Mickal and Lauren grew up in the business, working alongside their parents and running vending routes while home from college in the summertime. They knew they had an existing customer base for coffee and began Moore Haus, named after their grandmother, by offering service to existing vending machine customers. They then branched out to smaller offices, which make up the majority of their 150 or so customers today. Mickal says that doctors and their staffs have proved to be some of the biggest coffee drinkers.
“When we first started, we found that the medical field really embraced the single-cup coffee service and then that led to doctors’ offices to specialty medical and continued to grow from there,” he says.

Dr. Barry J. Henry’s office, which specializes in orthopedic surgery and sports science, was one of the first to sign up. “We used to do old-fashioned coffee-making with a coffee pot,” says Manager Karla Landry. “Two guys drank their coffee strong, and the rest liked a weaker blend, so it was a battle of who made the coffee.”

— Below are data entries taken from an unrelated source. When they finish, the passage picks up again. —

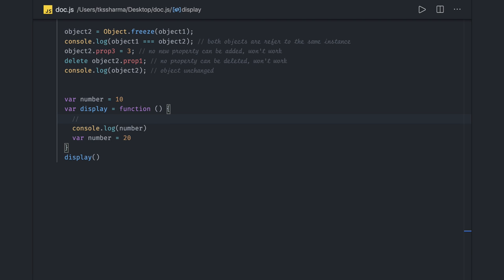This is happening because of hoisting in JavaScript. Hoisting in JavaScript is default behavior of moving declaration to the top of the current scope block. This is how this is happening and you are not able to get the current value.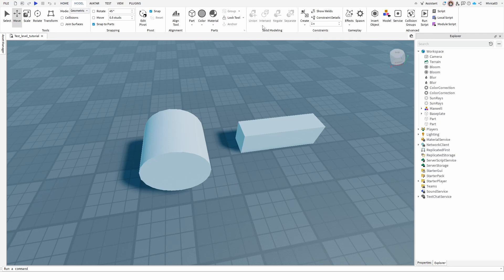Now what does Intersect do? Well, you have an explanation here and it basically says that it replaces parts only with the area where they're overlapping, or where they overlap.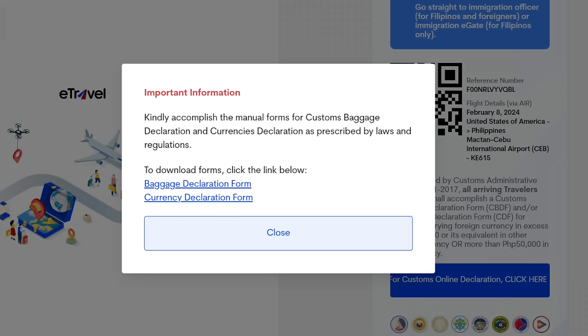When you click on that, this is what's going to show on your screen. If you have something to declare in your baggage, fill out the Baggage Declaration Form. If you are bringing more than 10,000 US dollars to the Philippines, fill out the Currency Declaration Form. You have to download these forms, fill them out manually, and submit them at the Bureau of Customs when you arrive in the Philippines. And that's it — that's how you register on the new version of e-travel.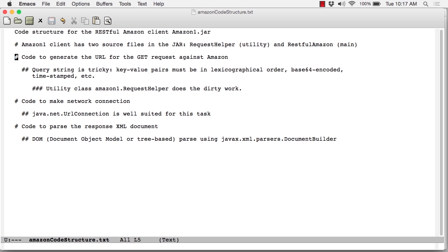In particular, the information that's contained in the query string attached to the GET request has to be formatted in a very precise order. If there's any mistake in the formatting, Amazon basically rejects the request. The key value pairs have to be sorted. They have to be Base64 encoded. There has to be an appropriate timestamp. All of that sort of thing.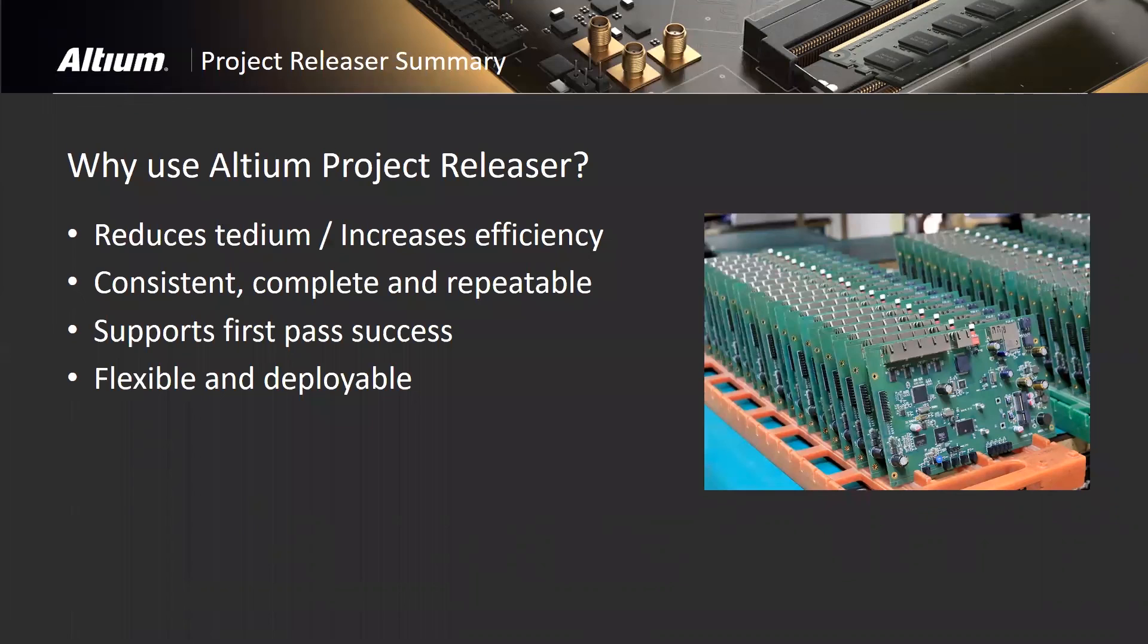What we don't want to do is release a board, forward it to our manufacturer, and then get it back and find out that it doesn't work without redesign or considerable rework. We're trying to assure first pass success. You want this system to be flexible and deployable. All of the project releaser data is stored in the project file. You can create project templates that you can use to start new designs. I certainly appreciate all of your time and wish that you guys have a super day. At this point, we're going to go ahead and end the meeting. Take care now. Bye-bye.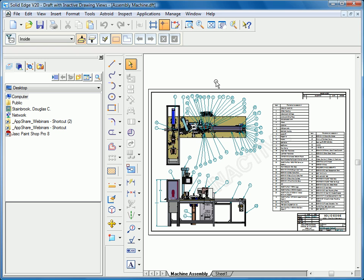So you can see how inactive drawing views is going to facilitate opening drawings very quickly of very large assemblies for creating dimensions, ballooning, even printing or plotting.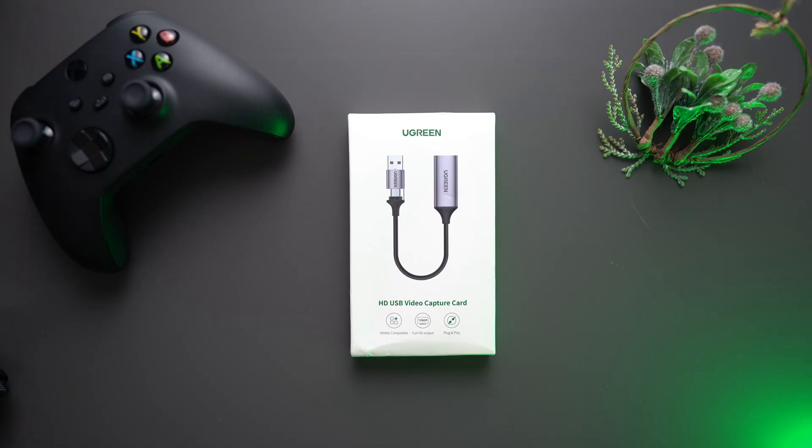It's no secret that Ugreen is now enjoying great success in the market for a variety of products such as cables, chargers, power banks and several other items. However, this is a video capture card.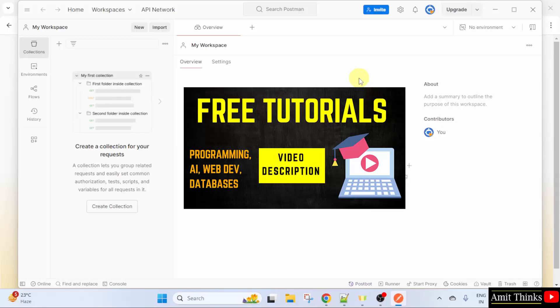So, guys, we saw how we can install Postman on Windows 11. For free tutorials, refer the links in the description of this video. Thank you for watching.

Landry admits she was skeptical when Dr. Henry first proposed switching to Moore Haus’s single-cup service, but now she can’t say enough about the office’s coffee station. “It is really custom to your blend as far as medium/mild, decaf/caffeinated, flavored/nonflavored,” she says. “I come in at 8:30 and have a fresh cup of coffee. I no longer have to share, and there’s no waste.”

Moore Haus’s offerings aren’t limited to coffee; Landry says the office enjoyed apple cider over the holidays, is currently sipping on pomegranate tea and looking forward to iced tea and iced coffee this summer. (The company also offers a variety of other products, from paper towels to snacks, for offices to stock in their breakrooms.)
“I love CC’s, don’t get me wrong,” Landry says, “but this morning we had a vanilla biscotti that was just really, really good.”

Mike Bourgeois, vice president of Community’s Coffee Service Division, says that while his coffee remains the preferred brand in Acadiana, Community is also looking at entering the single-cup market. “The single cup category is a category that’s growing,” he says. “Community Coffee is very interested in paying close attention to the category, and we are investing in the single cup, so customers should look for exciting things to come in future.”

Mello Joy Coffee, which re-entered the local market in 2000 after a 24-year absence, also services business customers. A spokesman for Mello Joy did not return a call for comment.
Before the introduction of Keurig’s single-cup brewing system, available everywhere from Walmart to Bed Bath & Beyond, making coffee one cup at a time may have been a hard sell. Keurig offers more than 200 varieties of coffees and teas and estimates that more than 3 billion cups of its product have been brewed since 1998. 

Moore Haus, the only Keurig-authorized distributor in the area, offers the brewing equipment at no charge for customers who use its coffee service.

When they arrive at work or are ready for that afternoon cup of coffee, all employees have to do is choose their flavor, insert the pod into the machine, get their mug ready and push a button.

“You can do some incredible stuff with these machines,” says Mickal. “If the product isn’t used, it doesn’t cost the employer anything. You brew that one cup; somebody’s going to consume it right then and there.”